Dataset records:
------------------------------------------------------------

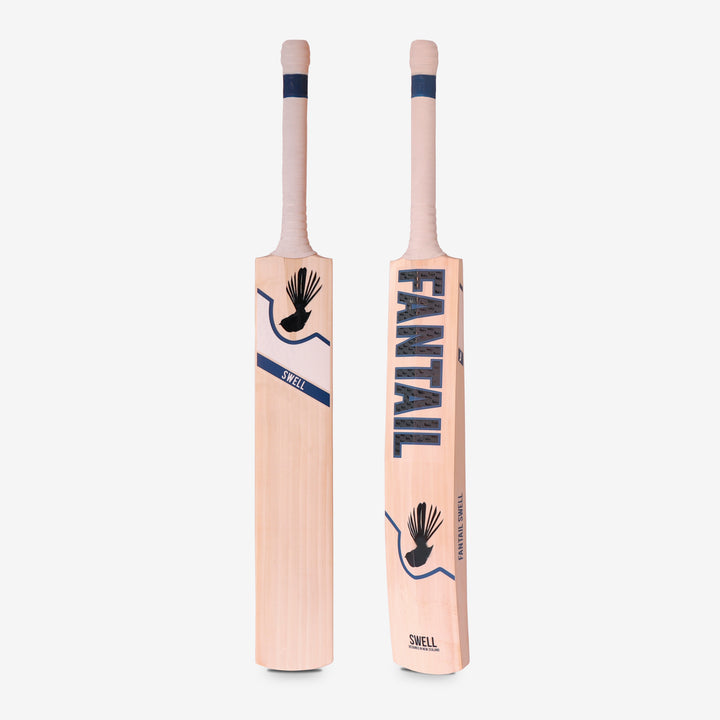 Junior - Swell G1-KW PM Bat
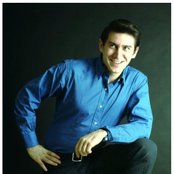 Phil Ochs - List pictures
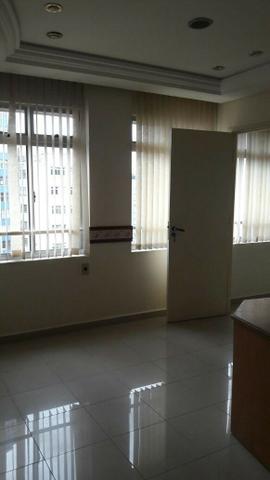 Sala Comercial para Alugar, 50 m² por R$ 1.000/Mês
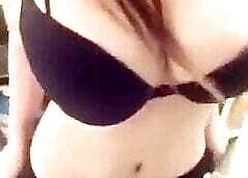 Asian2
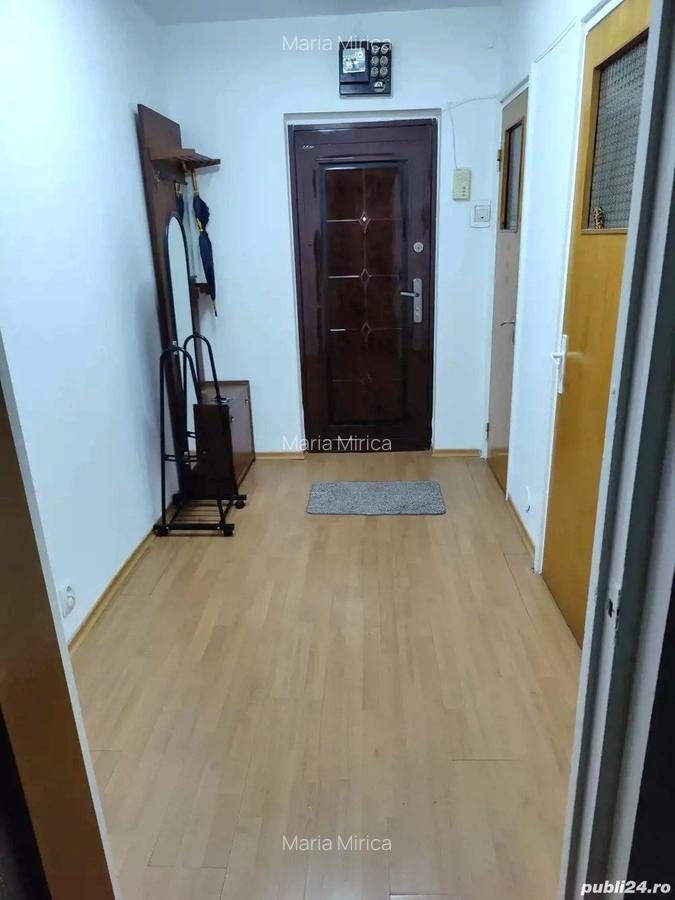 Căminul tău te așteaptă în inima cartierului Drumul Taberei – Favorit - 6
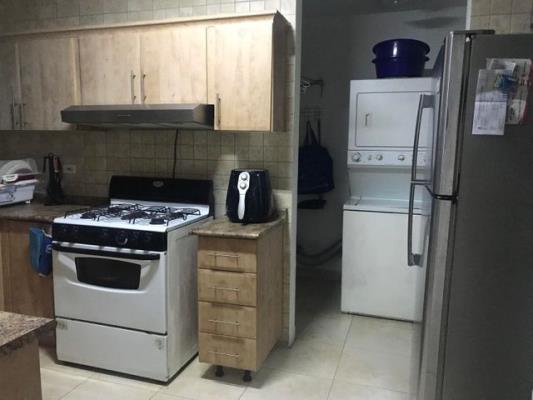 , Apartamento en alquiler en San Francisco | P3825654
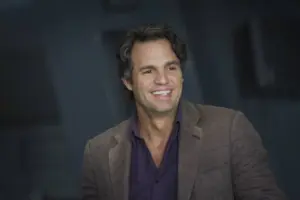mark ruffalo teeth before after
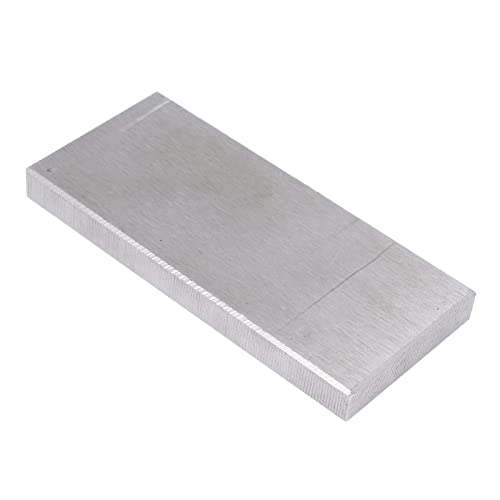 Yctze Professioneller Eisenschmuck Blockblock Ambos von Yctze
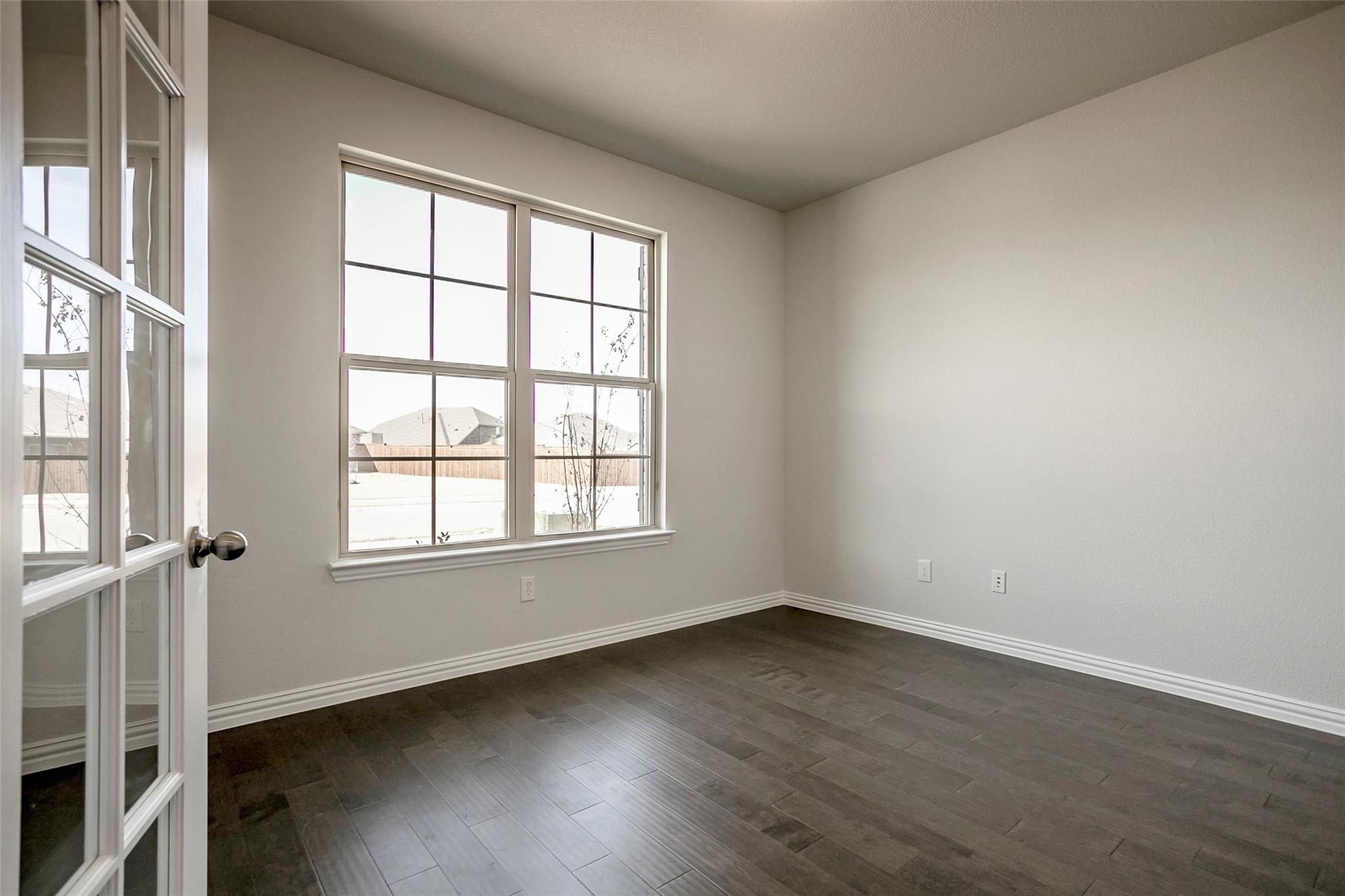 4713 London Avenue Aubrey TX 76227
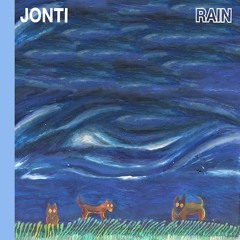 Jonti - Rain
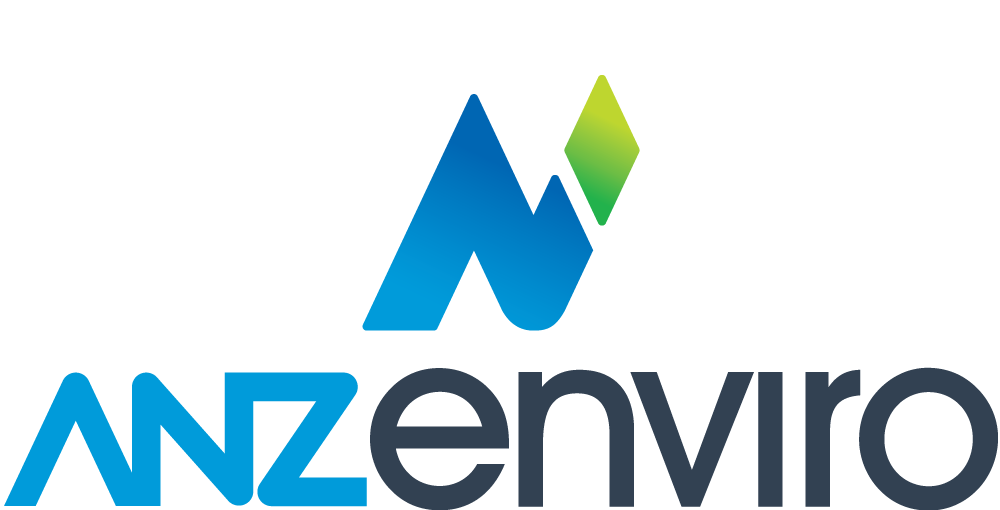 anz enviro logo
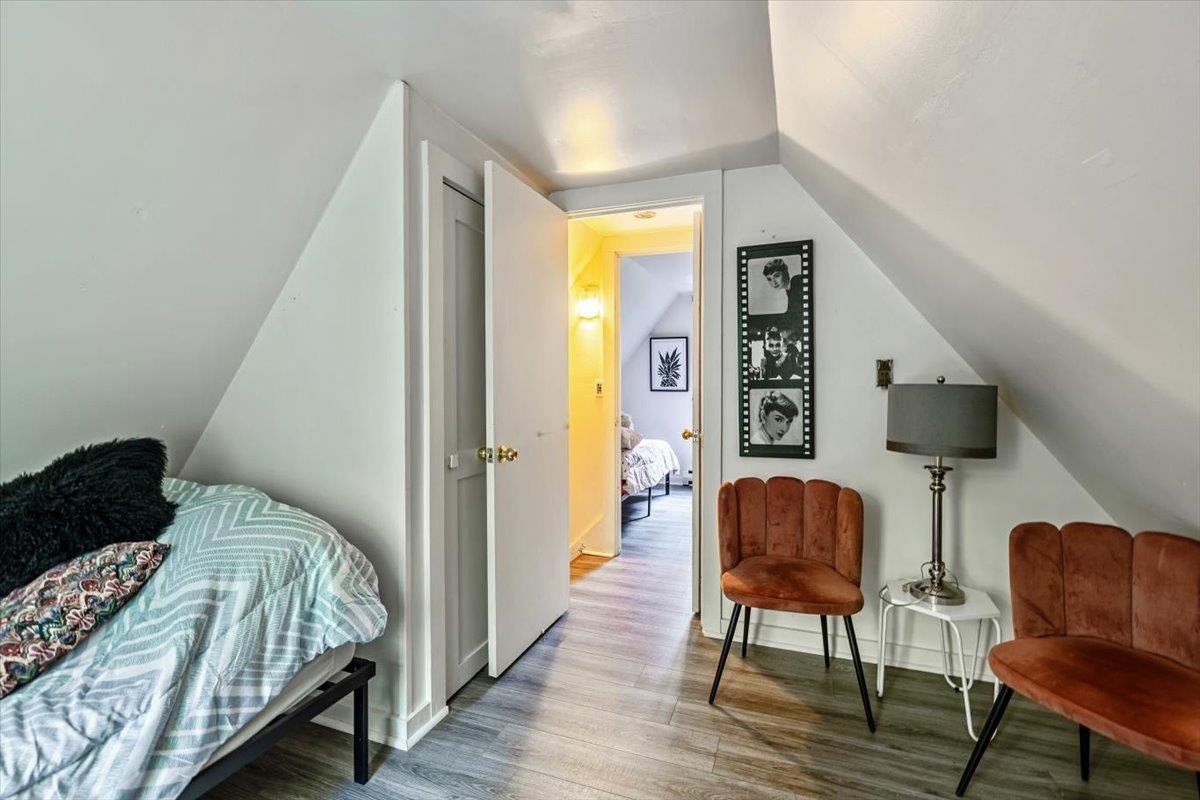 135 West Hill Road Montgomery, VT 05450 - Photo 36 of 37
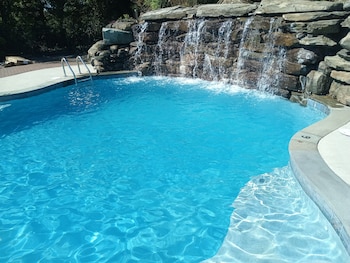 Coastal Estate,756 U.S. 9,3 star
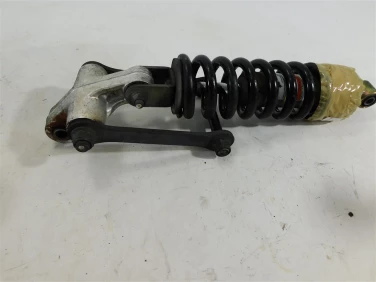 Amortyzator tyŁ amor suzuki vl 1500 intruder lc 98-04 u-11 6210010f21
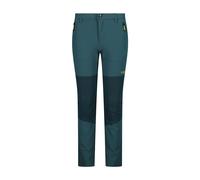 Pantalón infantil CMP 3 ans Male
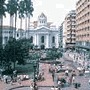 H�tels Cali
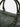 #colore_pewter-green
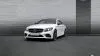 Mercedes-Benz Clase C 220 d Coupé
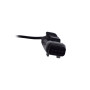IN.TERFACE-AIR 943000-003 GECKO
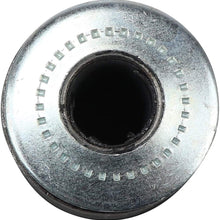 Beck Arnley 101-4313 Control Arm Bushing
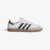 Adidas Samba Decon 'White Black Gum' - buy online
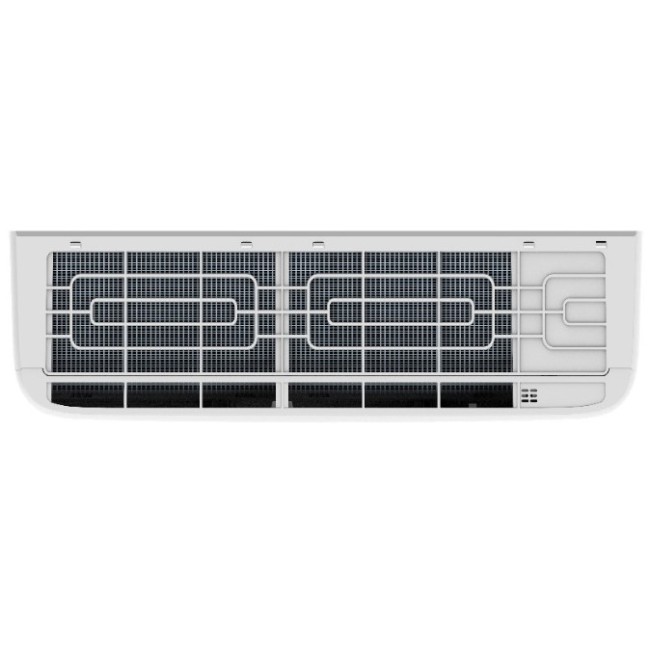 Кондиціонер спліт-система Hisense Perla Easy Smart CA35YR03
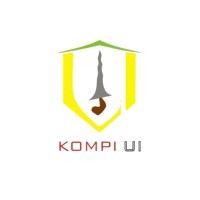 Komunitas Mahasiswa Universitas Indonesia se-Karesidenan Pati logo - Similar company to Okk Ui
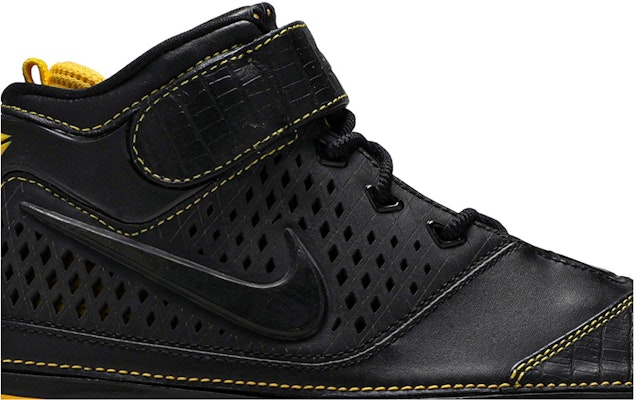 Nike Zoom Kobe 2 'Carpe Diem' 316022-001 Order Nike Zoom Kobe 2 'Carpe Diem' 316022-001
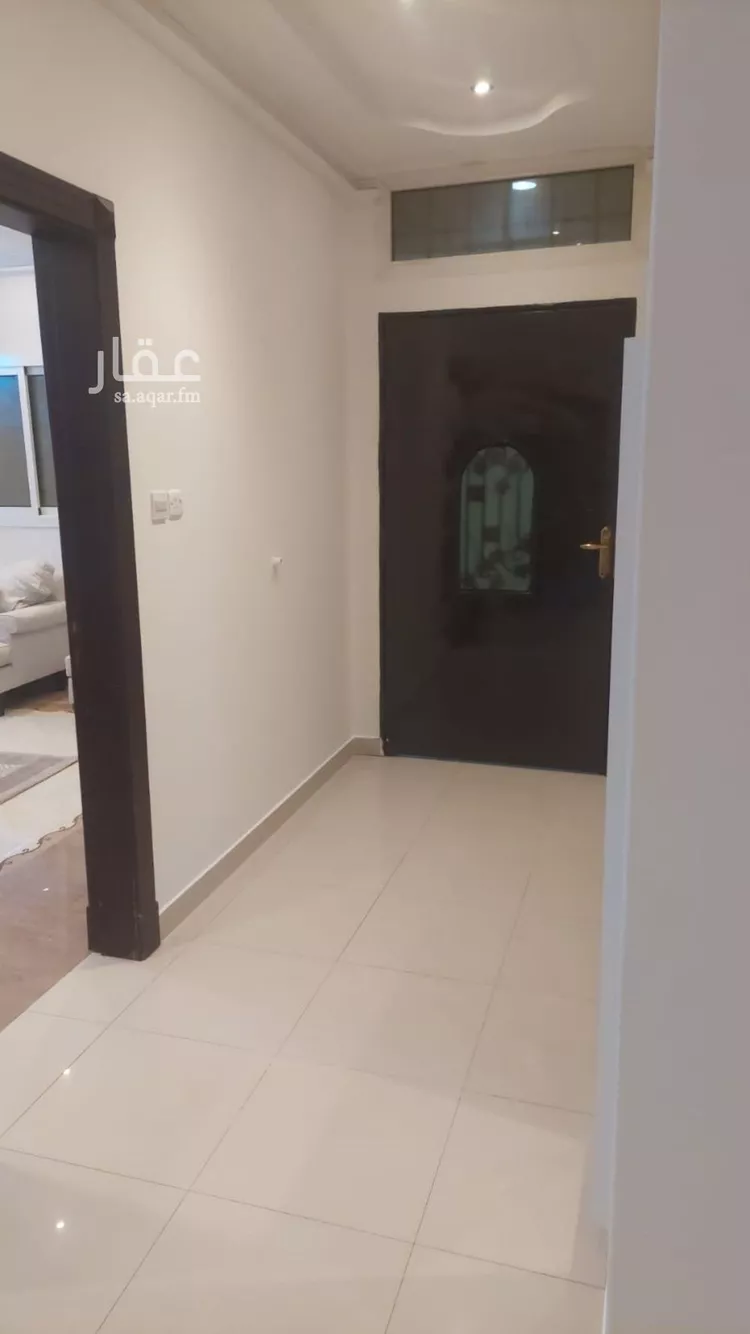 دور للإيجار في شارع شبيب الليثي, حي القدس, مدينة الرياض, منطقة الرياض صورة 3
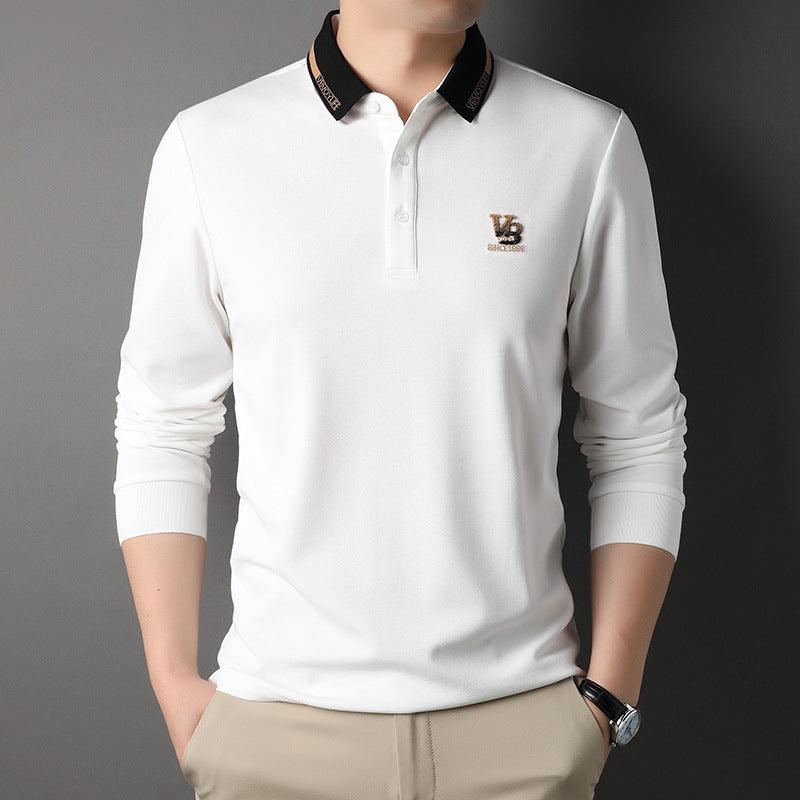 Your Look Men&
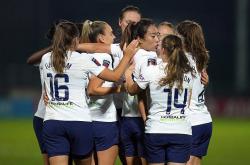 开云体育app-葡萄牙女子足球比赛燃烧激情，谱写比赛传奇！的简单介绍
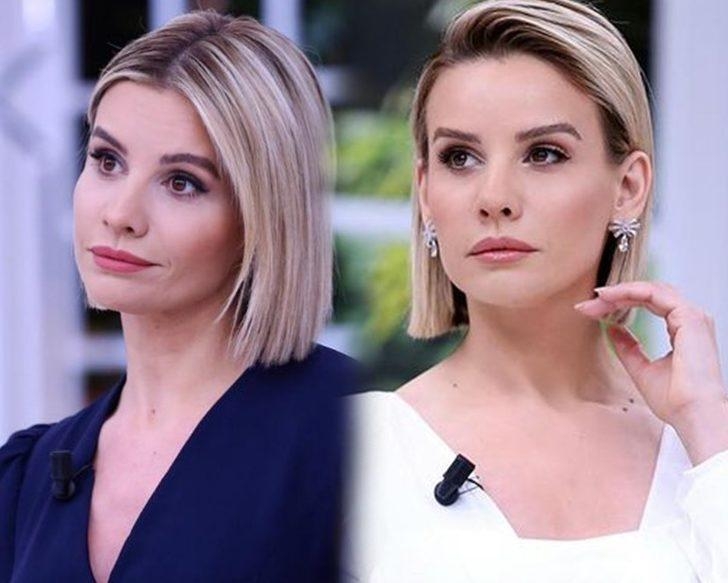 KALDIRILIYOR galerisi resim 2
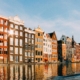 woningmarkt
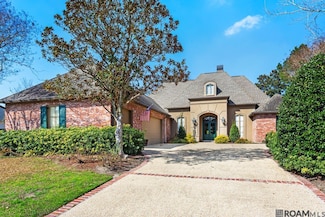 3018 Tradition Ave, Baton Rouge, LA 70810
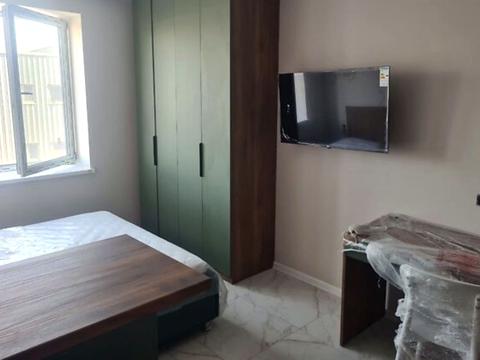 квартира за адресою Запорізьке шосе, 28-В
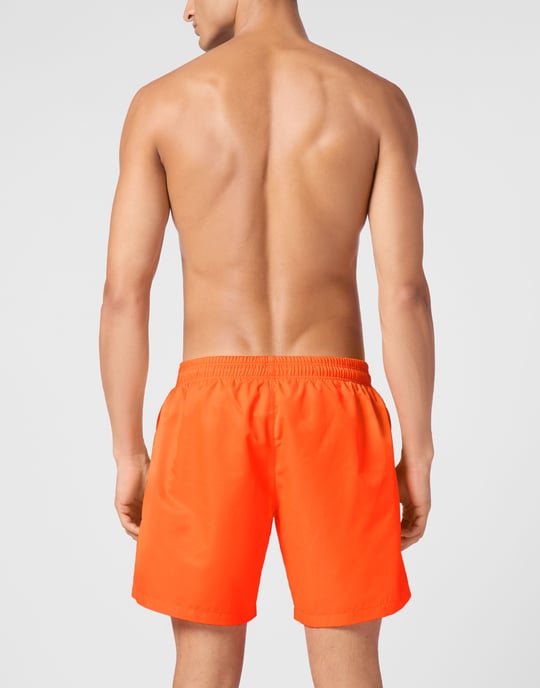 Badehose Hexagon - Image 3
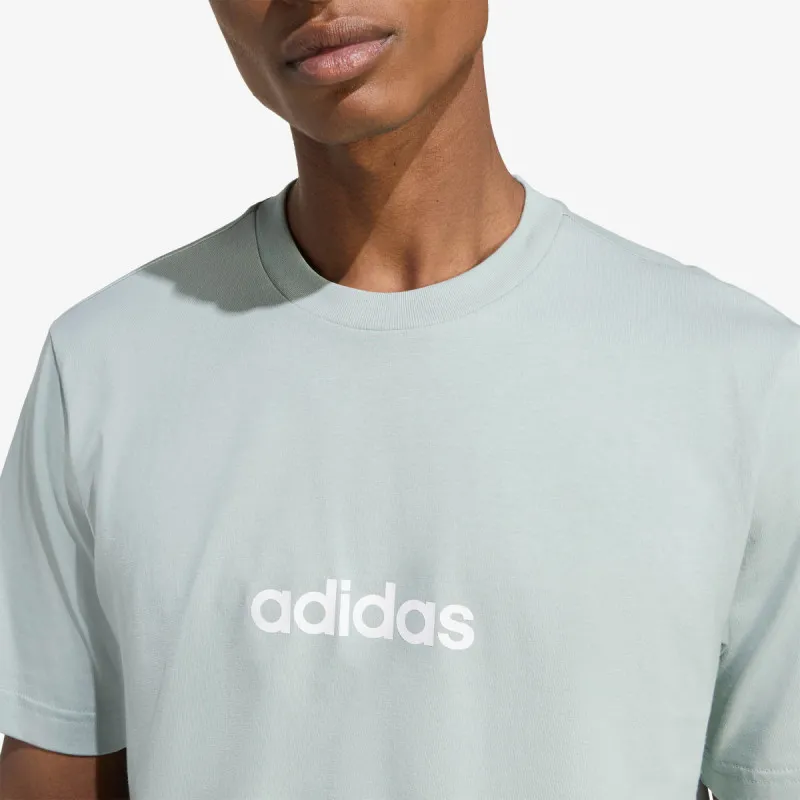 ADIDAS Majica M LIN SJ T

------------------------------------------------------------

Exercise prompt |
With the pictures removed from your copy, retype the lines above from the one that contains "Francisco | P3825654" through the one that contains "anz enviro logo", exactly.

The completed task |
 , Apartamento en alquiler en San Francisco | P3825654
mark ruffalo teeth before after
 Yctze Professioneller Eisenschmuck Blockblock Ambos von Yctze
 4713 London Avenue Aubrey TX 76227
 Jonti - Rain
 anz enviro logo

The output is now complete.